At this time of the year it's burgeoning. What a splendid word - fat and luscious with juice. And that's exactly what my courgette patch was full of - not courgettes, but burgeoning marrows which had escaped my attentions during a week of work.

So last weekend I put out a pile of ten marrows by the front path with a notice asking people to take them. All were gone by the next day.

Yesterday another ten had grown, so I took four and turned them into soup for the freezer, and put six out on the front path. This morning they'd all gone.




It makes me strangely happy to share my produce invisibly like this - to send something I helped to create out into the world - and though it may seem a stretch, it's a similar feeling to the one I felt when telling my story on LV21.

It was dark, so I couldn't see my audience, and they were silent except when one by one they came forward to drop a pebble in my metal bucket, to tell me to start reading the next section of the story. Even as I was standing there in the chain locker with my story in my hand, I knew that it wasn't my story alone any more - it was the audience's too.

When you publish a story, it leaves you. If someone picks it up and reads it, it's theirs, it's in their head and even as its writer you don't have any control over what it's doing in there.

I knew this, but being in the same space, in darkness, listening to my readers absorbing the story, was something very special. I could almost hear it moving through the air between us.

And the same went for the other ReAuthorers - Sonia Overall, Sarah Salway, Kay Syrad and Will Sutton (who took the photo above - thank you Will) - their stories flowed through the pipes and spaces of LV21 and created something really amazing.

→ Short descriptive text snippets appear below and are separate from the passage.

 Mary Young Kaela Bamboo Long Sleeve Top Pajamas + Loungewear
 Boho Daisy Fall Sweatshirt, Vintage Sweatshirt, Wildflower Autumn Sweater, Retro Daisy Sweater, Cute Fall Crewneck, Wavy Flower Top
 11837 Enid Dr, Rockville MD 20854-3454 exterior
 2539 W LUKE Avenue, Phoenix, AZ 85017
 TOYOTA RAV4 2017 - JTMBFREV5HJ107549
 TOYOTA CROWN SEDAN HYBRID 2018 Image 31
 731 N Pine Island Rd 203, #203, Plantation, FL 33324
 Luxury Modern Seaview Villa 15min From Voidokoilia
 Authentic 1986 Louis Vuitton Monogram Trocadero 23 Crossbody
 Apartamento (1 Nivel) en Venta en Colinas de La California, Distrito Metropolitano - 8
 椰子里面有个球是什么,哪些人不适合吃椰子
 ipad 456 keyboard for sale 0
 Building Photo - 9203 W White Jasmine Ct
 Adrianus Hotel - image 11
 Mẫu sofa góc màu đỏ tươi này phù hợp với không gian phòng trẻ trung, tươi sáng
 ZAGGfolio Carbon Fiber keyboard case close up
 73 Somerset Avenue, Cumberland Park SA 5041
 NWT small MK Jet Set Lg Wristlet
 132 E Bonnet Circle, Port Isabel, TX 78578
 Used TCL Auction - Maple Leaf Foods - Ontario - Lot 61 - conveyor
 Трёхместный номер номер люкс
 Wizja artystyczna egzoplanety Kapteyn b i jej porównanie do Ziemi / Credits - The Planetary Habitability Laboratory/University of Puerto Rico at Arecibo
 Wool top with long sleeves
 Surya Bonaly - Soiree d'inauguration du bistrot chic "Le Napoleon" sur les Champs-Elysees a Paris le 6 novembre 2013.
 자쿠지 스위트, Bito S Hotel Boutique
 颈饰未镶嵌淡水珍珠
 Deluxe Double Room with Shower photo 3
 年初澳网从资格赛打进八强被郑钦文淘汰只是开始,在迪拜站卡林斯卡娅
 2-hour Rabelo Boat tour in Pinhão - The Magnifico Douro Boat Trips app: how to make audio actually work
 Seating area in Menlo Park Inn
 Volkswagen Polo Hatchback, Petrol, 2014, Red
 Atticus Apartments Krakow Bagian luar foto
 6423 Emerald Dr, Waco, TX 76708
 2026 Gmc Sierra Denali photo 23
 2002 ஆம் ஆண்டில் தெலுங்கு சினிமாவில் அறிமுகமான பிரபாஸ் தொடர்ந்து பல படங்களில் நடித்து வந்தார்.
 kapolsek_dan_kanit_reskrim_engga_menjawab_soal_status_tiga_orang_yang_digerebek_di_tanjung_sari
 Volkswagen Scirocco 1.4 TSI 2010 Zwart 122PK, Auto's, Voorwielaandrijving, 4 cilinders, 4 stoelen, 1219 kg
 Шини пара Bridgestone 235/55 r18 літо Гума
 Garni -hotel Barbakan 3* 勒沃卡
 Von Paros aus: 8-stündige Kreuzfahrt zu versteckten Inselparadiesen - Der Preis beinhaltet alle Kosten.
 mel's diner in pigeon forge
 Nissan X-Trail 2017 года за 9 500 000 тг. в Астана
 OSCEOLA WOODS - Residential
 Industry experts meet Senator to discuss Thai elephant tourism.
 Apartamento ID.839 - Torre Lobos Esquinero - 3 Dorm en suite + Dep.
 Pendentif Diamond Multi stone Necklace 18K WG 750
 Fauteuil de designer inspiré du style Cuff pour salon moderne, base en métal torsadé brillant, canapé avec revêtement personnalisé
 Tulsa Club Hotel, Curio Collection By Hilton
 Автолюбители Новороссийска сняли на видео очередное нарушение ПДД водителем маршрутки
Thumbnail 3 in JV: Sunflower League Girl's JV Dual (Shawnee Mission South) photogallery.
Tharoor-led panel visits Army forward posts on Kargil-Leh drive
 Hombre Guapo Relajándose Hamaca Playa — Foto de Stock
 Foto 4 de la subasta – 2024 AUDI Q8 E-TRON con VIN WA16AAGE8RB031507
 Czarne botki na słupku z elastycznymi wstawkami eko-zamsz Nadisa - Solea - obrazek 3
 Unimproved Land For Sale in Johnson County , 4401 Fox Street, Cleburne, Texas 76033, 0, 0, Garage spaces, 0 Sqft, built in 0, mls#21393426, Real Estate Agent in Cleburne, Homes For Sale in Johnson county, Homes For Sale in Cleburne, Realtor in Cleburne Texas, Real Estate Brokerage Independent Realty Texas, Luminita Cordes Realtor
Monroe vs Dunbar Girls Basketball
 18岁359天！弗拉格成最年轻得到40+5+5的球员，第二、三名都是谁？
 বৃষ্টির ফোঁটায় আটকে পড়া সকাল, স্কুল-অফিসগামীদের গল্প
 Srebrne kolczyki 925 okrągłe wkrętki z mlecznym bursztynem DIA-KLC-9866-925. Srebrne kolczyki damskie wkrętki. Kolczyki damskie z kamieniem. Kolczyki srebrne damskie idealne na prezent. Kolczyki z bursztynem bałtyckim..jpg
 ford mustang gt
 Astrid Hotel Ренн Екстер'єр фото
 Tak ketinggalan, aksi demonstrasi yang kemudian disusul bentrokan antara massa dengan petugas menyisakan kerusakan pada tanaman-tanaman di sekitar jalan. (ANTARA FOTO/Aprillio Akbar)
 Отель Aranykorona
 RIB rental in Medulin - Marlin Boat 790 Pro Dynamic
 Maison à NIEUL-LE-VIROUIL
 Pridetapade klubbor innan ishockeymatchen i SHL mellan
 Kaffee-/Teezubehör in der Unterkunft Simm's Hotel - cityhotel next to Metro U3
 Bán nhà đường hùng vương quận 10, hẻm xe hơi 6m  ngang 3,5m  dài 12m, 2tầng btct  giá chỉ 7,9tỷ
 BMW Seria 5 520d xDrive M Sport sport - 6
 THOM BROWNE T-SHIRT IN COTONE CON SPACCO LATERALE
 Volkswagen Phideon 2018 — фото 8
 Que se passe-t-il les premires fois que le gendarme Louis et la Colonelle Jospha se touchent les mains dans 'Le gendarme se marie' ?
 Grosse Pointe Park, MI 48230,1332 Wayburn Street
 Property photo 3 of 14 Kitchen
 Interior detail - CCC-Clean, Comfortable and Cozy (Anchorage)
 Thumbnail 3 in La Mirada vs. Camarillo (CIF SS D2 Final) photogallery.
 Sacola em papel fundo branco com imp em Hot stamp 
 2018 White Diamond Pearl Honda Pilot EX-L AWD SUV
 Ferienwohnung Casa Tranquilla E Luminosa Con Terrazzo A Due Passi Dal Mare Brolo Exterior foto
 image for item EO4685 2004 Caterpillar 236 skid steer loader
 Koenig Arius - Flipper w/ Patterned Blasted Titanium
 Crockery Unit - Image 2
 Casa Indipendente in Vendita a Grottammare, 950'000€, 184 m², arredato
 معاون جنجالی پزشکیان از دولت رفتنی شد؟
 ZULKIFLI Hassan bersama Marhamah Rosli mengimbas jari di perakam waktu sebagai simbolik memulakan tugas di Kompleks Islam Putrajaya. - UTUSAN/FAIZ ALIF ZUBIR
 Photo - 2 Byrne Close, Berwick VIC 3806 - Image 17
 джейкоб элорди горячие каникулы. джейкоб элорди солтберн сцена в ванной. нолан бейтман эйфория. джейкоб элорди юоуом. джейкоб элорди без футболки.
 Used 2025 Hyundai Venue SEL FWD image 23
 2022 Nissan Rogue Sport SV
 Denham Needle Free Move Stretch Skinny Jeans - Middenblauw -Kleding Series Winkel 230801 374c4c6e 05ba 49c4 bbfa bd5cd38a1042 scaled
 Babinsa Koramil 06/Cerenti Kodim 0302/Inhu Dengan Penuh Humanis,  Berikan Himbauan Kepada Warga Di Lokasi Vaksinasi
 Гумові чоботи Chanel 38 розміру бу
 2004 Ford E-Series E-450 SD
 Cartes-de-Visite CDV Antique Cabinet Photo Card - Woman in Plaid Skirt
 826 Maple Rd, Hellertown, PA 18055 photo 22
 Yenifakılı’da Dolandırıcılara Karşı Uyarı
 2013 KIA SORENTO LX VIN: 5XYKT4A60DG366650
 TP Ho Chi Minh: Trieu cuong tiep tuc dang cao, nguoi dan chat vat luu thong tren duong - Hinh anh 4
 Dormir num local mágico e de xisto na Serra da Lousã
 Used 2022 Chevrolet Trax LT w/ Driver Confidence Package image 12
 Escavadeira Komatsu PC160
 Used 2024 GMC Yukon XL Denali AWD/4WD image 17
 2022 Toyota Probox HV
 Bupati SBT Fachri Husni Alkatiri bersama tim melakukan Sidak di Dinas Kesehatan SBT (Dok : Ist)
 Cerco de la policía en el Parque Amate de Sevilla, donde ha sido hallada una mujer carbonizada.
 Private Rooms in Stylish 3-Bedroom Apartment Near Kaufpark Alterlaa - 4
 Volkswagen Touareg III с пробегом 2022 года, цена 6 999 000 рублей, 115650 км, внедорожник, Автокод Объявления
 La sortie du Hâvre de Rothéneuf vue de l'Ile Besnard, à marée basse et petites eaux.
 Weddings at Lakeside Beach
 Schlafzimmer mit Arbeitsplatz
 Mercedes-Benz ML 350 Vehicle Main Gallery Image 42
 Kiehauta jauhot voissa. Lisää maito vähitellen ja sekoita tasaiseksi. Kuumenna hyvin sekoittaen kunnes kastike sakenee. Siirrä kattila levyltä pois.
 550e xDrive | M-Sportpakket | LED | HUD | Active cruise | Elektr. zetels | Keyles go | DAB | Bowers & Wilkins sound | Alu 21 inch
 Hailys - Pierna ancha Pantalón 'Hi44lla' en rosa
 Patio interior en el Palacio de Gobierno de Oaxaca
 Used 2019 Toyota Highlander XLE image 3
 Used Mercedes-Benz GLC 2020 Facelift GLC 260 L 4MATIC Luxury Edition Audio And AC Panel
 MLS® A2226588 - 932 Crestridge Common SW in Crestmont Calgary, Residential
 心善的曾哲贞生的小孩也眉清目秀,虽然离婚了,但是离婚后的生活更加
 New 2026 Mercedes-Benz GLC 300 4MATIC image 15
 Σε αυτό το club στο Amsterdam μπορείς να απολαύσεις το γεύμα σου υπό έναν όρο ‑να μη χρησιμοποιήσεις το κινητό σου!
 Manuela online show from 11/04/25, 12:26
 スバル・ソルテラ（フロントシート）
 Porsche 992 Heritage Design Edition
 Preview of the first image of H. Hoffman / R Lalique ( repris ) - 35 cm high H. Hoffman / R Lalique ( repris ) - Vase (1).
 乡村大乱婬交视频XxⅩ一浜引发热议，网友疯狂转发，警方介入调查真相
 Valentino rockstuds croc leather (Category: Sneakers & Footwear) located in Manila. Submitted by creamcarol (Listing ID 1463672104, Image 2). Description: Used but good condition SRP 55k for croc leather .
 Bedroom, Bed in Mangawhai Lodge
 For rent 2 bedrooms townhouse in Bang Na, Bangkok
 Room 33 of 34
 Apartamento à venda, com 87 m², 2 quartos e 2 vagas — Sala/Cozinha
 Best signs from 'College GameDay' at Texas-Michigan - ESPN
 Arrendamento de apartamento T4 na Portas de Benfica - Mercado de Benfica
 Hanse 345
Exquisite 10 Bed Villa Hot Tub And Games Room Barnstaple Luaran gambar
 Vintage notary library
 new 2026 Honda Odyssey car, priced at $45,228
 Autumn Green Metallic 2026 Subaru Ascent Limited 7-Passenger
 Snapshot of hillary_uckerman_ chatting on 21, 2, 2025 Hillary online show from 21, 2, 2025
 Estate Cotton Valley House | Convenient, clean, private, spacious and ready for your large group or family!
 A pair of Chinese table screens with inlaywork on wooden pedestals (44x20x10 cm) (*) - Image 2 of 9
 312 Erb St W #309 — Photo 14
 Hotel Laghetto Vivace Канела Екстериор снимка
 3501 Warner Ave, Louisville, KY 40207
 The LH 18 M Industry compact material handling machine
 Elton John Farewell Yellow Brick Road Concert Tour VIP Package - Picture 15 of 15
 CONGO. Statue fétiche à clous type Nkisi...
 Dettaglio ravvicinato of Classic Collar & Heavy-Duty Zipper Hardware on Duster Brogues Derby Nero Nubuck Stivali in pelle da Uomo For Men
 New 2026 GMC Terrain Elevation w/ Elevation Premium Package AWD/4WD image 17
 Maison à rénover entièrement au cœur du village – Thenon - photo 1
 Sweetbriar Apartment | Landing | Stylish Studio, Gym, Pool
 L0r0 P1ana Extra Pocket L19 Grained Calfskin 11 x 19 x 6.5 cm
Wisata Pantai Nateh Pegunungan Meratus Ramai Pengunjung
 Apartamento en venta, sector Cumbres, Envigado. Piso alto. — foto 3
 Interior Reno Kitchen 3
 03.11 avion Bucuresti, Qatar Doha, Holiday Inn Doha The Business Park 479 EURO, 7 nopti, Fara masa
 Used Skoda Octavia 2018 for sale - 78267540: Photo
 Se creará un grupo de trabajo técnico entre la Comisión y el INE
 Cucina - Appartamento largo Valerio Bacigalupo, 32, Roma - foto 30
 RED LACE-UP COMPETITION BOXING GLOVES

What a day.

Thursday 9 August 2012

Pebble story


In a minute I'm going to put a metal bucket, nine pebbles and nine small sheets of paper in the boot of my car, and then I'll drive to Gillingham.

I'm heading for LV21where I'm going to tell a story in the chain locker.

If anyone turns up to hear it, they'll be given a pebble (there are pebbles in the story, so it does make sense, sort of) - if they want to hear a part of the story, they put their pebble in the bucket. If they don't, they walk away.

I'll report back on whether this does engage my audience in the process of telling a story, or whether they walk out in disgust!

Oh, and this is another lovely ReAuthoring project, so there will be lots of other writers on LV21 today doing surprising things with words.